RECORDS FOR THIS TASK =>
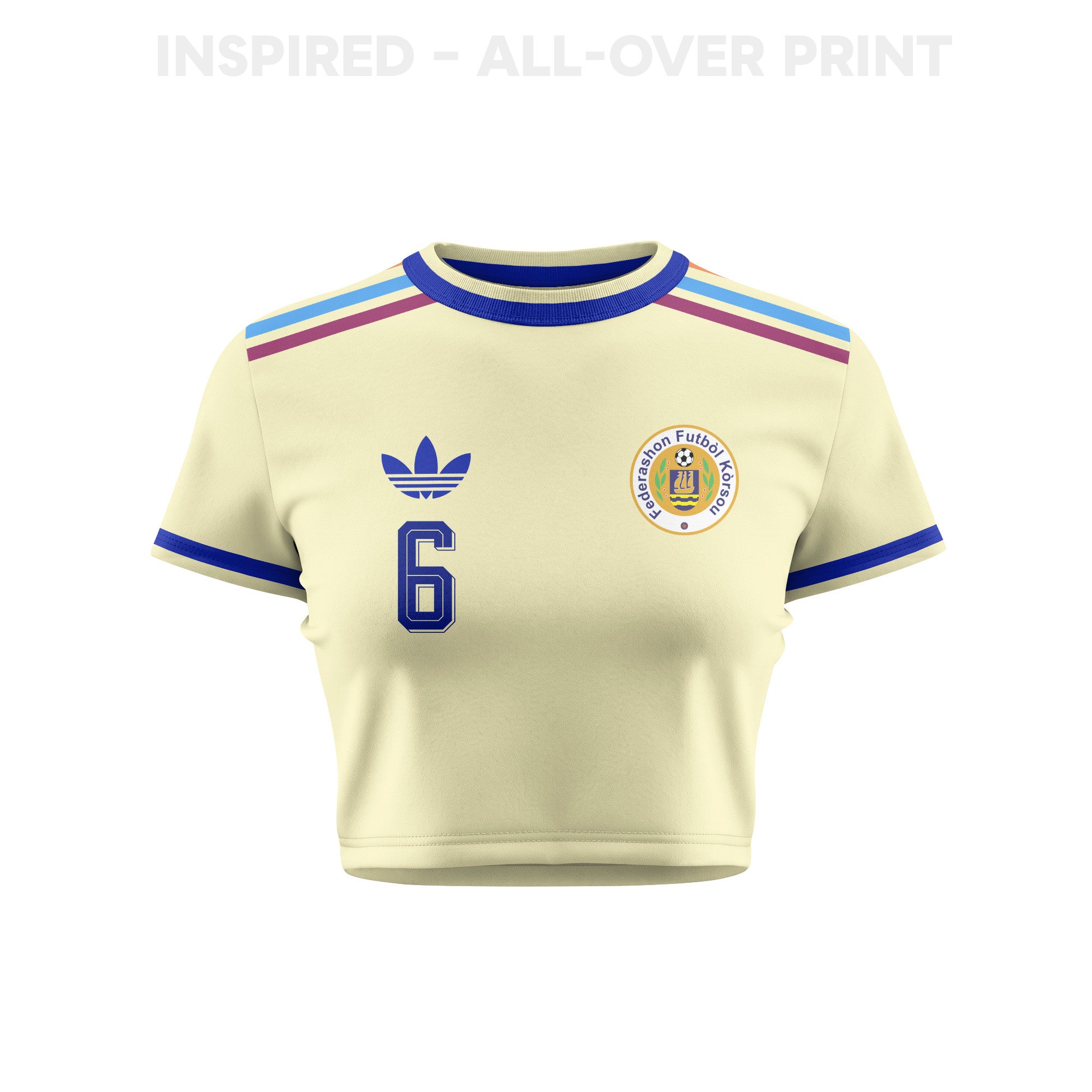Godfried Roemeratoe 6 Curaçao 2026 Women's Away All-Over Print Cropped Jersey - Yellow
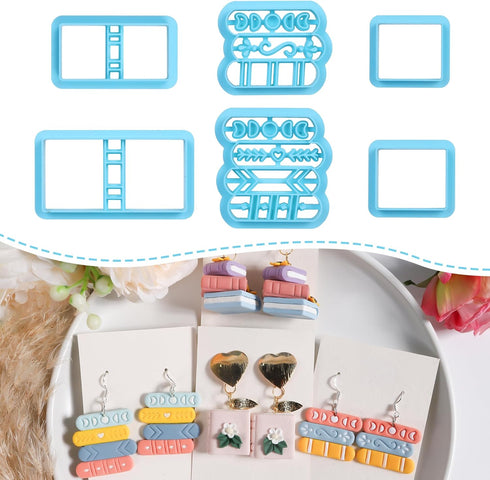 Books Polymer Clay Cutters - 6 Pcs Clay Cutters for Polymer Clay Jewelry, 3D Books Polymer Clay Jewelry Cutters, Miniature Books Clay Earring Cutt...
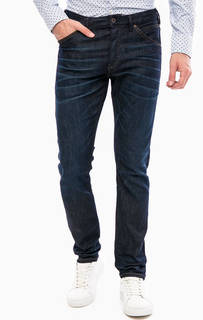 Синие зауженные джинсы с заломами Scotch&Soda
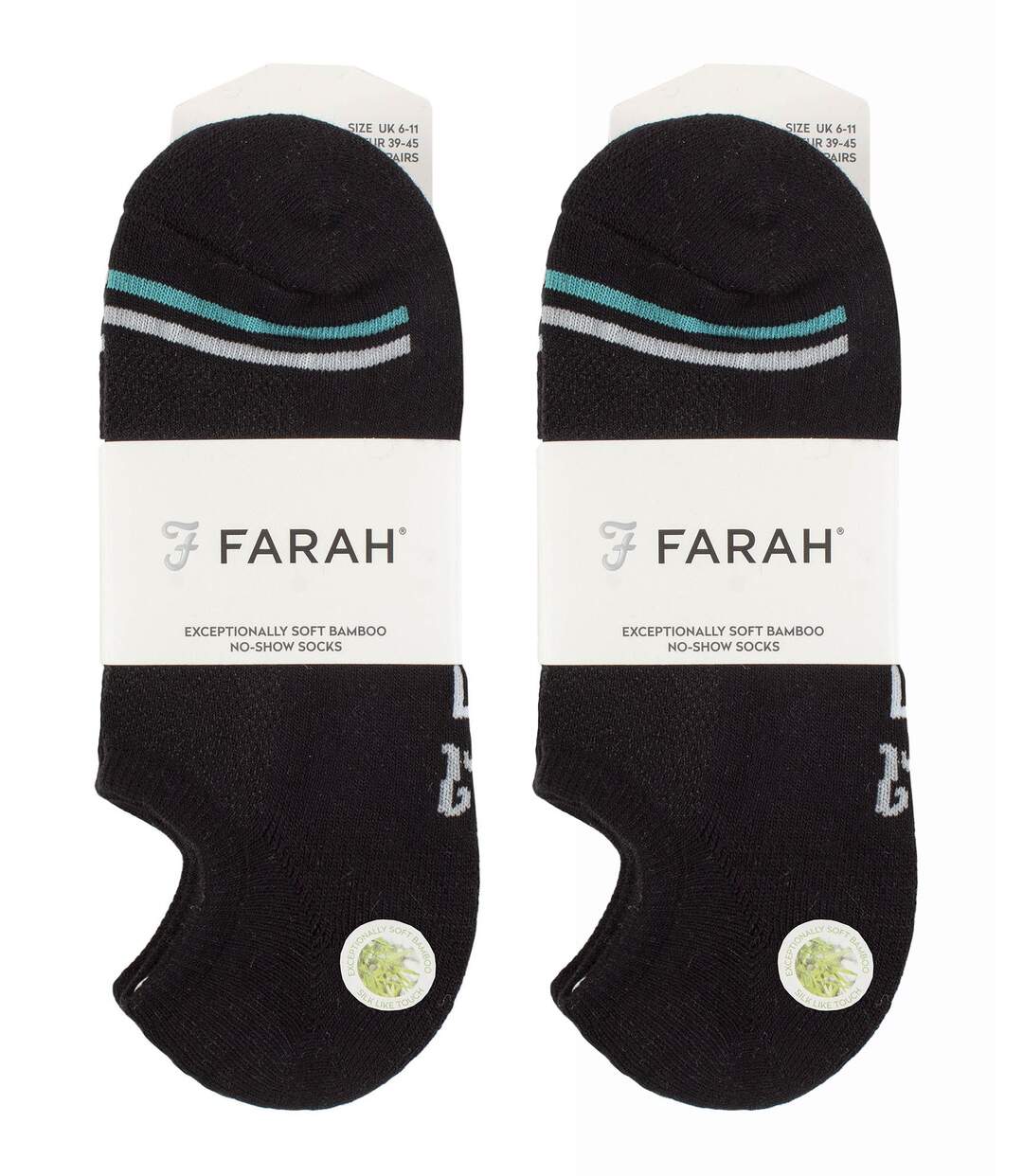 Mens Bamboo No Show Invisible Socks | Farah | 6 Pack | Low Cut Non Slip Cushioned Socks for Gym (6-11, White)-2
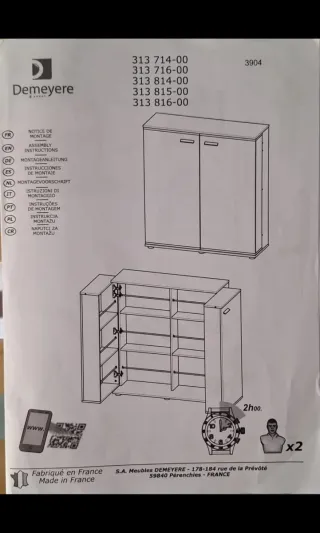 Zapatero de madera 108x100x33 cm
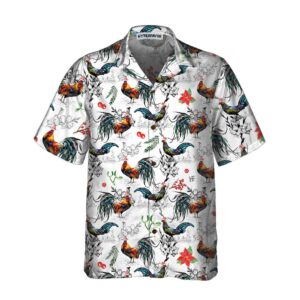 Christmas Chicken With Poinsettia Flower Hawaiian Shirt Tropical Christmas Shirt For Men 3
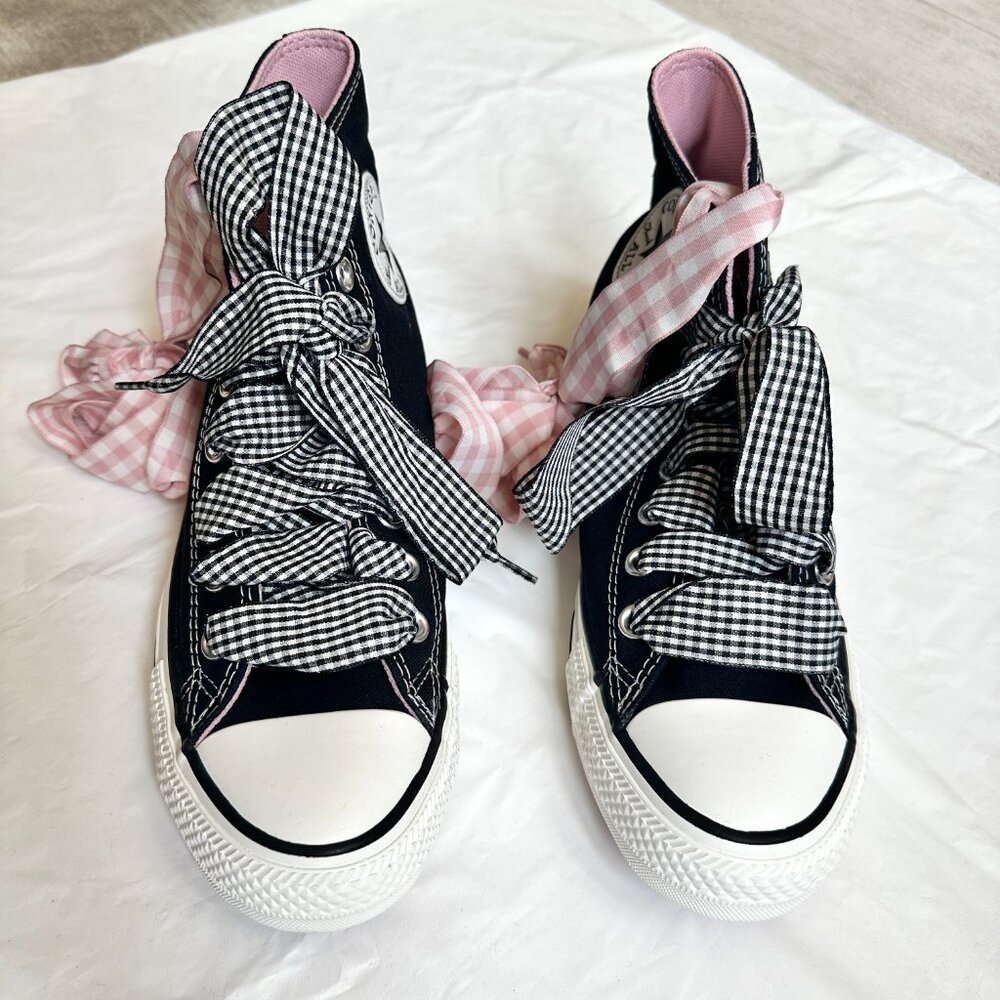 NEW Converse Women Shoes 8.5 Casual Black with Barbie PINK High Top Sneakers - Picture 4 of 9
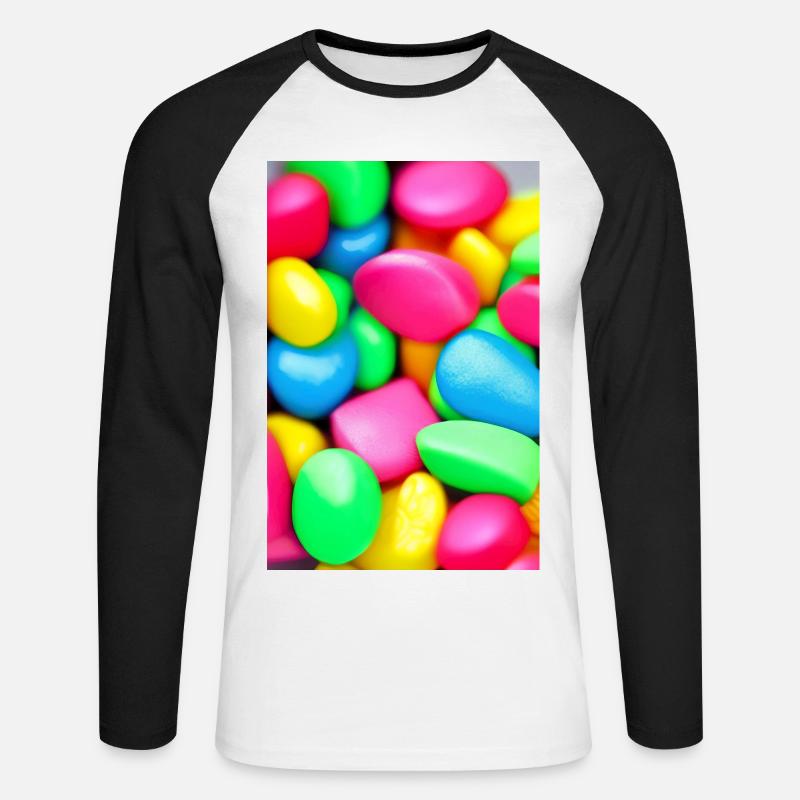Bonbons - Unisex Baseballshirt langarm - Weiß/Schwarz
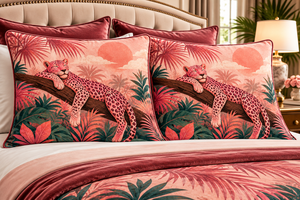ปลอกหมอนกำมะหยี่ลายเสือดาวสีชมพูทันสมัย - Product Image 3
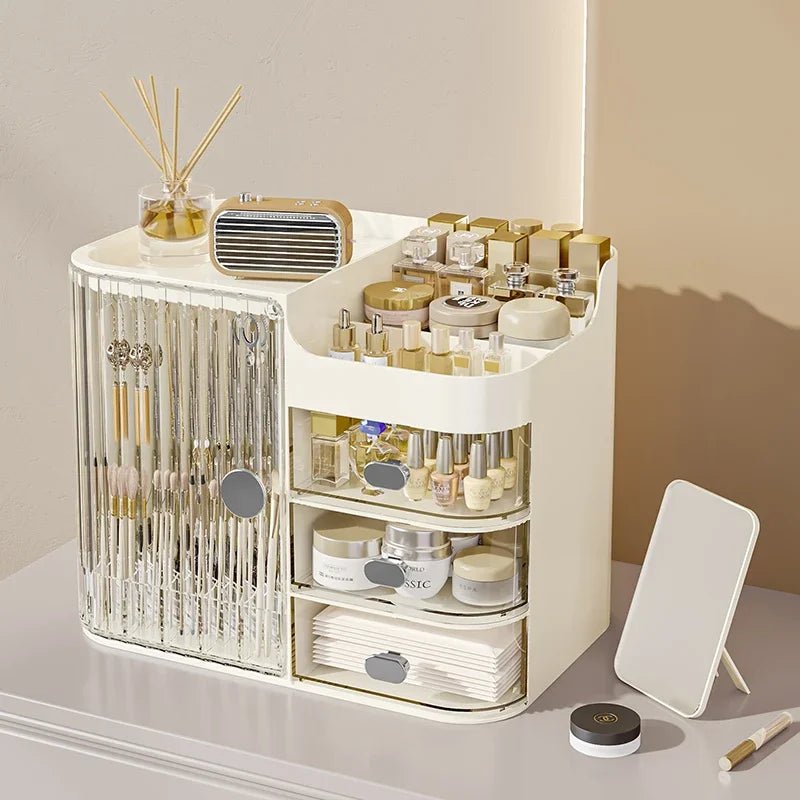 Cosmetic Storage Box, Dust-Proof, Moisture-Proof, Waterproof, Large Capacity Skincare Product Shelf, Can Be Layered for Storage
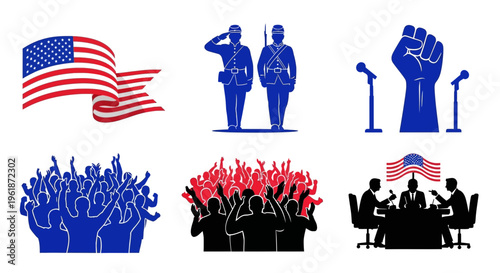 American patriotic and political icons set.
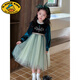 G.duck Frozen Anna Princess Dress Autumn Girls Velvet Mesh Dress Little Girl Birthday Dress Trendy Peacock Green Plus Velvet Style 120 cm
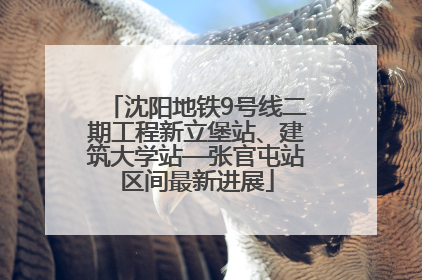 沈阳地铁9号线二期工程新立堡站、建筑大学站—张官屯站区间最新进展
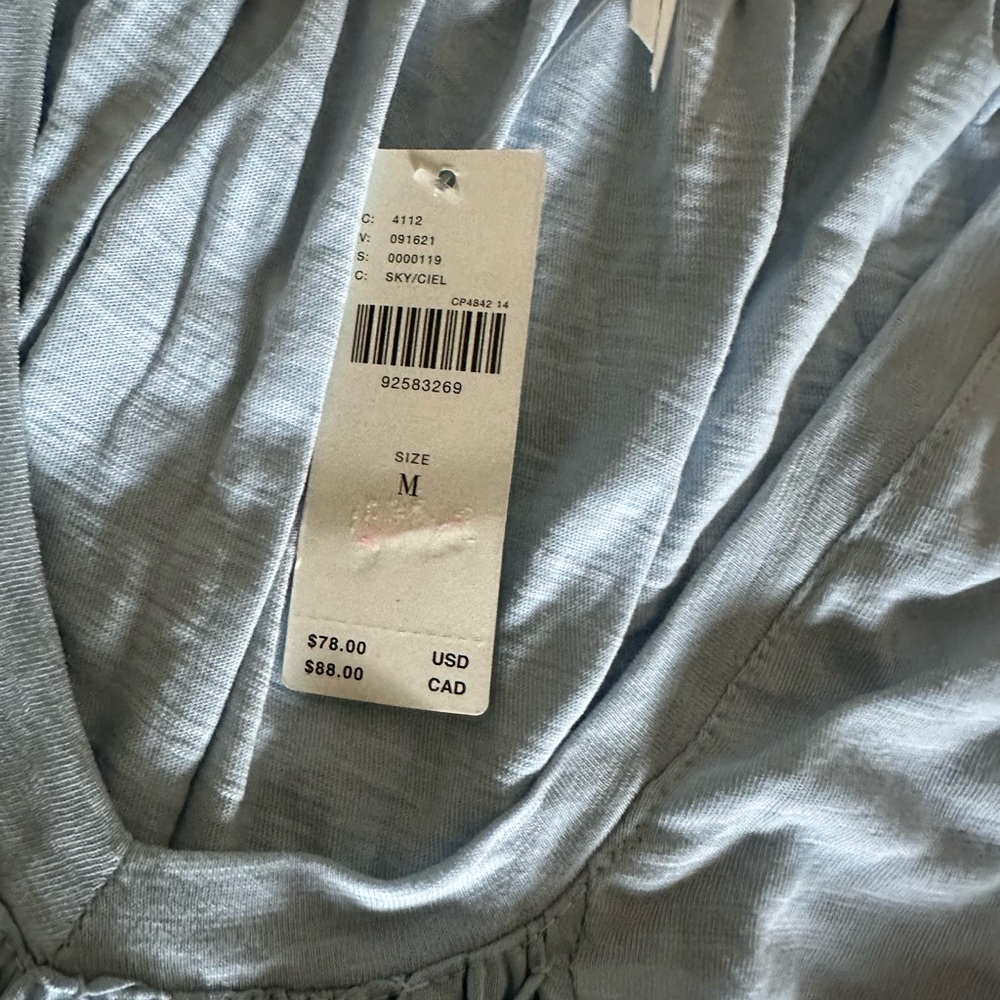 Anthropologie Blue Smocked 3/4 Sleeve Blouse - Picture 2 of 2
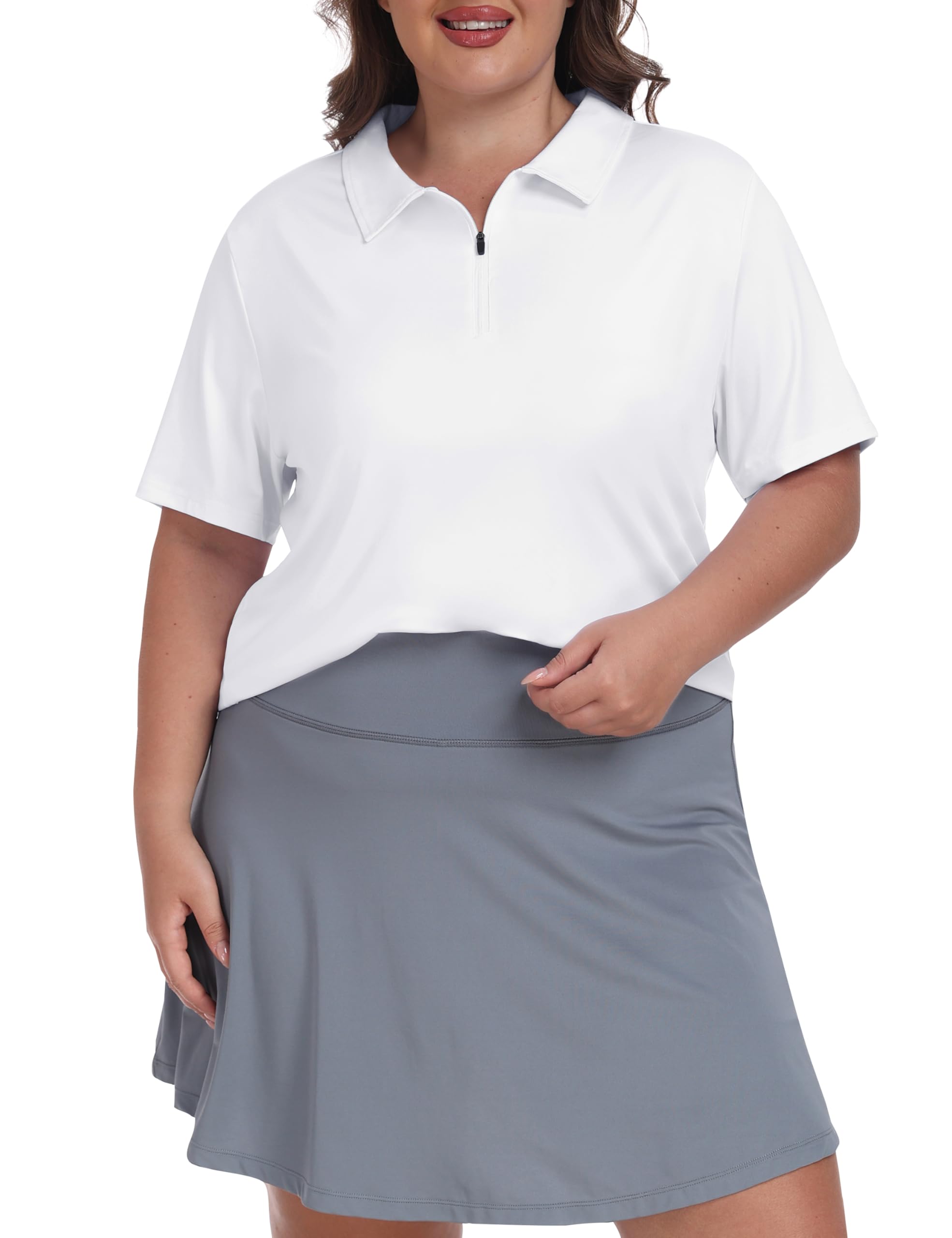 MoFiz Polo de golf de talla grande para mujer, con cremallera, manga corta, cuello y cuello para tenis, ropa deportiva deportiva, talla XL-5XL
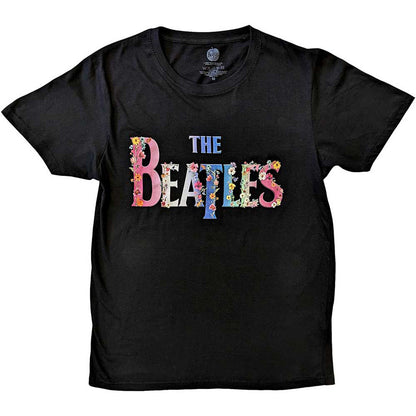 BEATLES, THE - FLORAL LOGO - T-Shirt Black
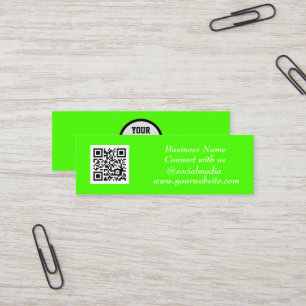Minitarjeta De Visita Medios sociales Código QR Verde fluorescente escan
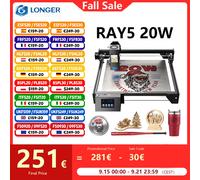Più lungo RAY5 20W incisore Laser Touch Screen Chipset a 32 bit WIFI 0.08*0.1mm Laser Spot incisione macchina da taglio Area 375*375mm LONGER RAY5 20W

ABOUT THIS EXERCISE =>
Starting at the line that contains "ปลอกหมอนกำมะหยี่ลายเสือดาวสีชมพูทันสมัย - Product" and ending at the final line of the data, reproduce each line exactly. Pictures stay out of the copy.

RESULT BELOW =>
ปลอกหมอนกำมะหยี่ลายเสือดาวสีชมพูทันสมัย - Product Image 3
 Cosmetic Storage Box, Dust-Proof, Moisture-Proof, Waterproof, Large Capacity Skincare Product Shelf, Can Be Layered for Storage
 American patriotic and political icons set.
 G.duck Frozen Anna Princess Dress Autumn Girls Velvet Mesh Dress Little Girl Birthday Dress Trendy Peacock Green Plus Velvet Style 120 cm
 沈阳地铁9号线二期工程新立堡站、建筑大学站—张官屯站区间最新进展
 Anthropologie Blue Smocked 3/4 Sleeve Blouse - Picture 2 of 2
 MoFiz Polo de golf de talla grande para mujer, con cremallera, manga corta, cuello y cuello para tenis, ropa deportiva deportiva, talla XL-5XL
 BEATLES, THE - FLORAL LOGO - T-Shirt Black
Minitarjeta De Visita Medios sociales Código QR Verde fluorescente escan
Più lungo RAY5 20W incisore Laser Touch Screen Chipset a 32 bit WIFI 0.08*0.1mm Laser Spot incisione macchina da taglio Area 375*375mm LONGER RAY5 20W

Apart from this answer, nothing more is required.